Task objective:
Output the line that contains "Luxury Chanel CC" and every line after it to the end of the entries, with nothing added or left out.

Scraped caption text data:
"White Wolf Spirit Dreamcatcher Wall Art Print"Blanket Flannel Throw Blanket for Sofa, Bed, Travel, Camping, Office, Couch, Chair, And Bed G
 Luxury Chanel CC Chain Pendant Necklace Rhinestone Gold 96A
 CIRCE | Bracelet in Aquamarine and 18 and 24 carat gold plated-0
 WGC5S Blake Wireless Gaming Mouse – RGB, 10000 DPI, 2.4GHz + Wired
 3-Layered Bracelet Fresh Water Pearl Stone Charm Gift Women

Expected output:
 Luxury Chanel CC Chain Pendant Necklace Rhinestone Gold 96A
 CIRCE | Bracelet in Aquamarine and 18 and 24 carat gold plated-0
 WGC5S Blake Wireless Gaming Mouse – RGB, 10000 DPI, 2.4GHz + Wired
 3-Layered Bracelet Fresh Water Pearl Stone Charm Gift Women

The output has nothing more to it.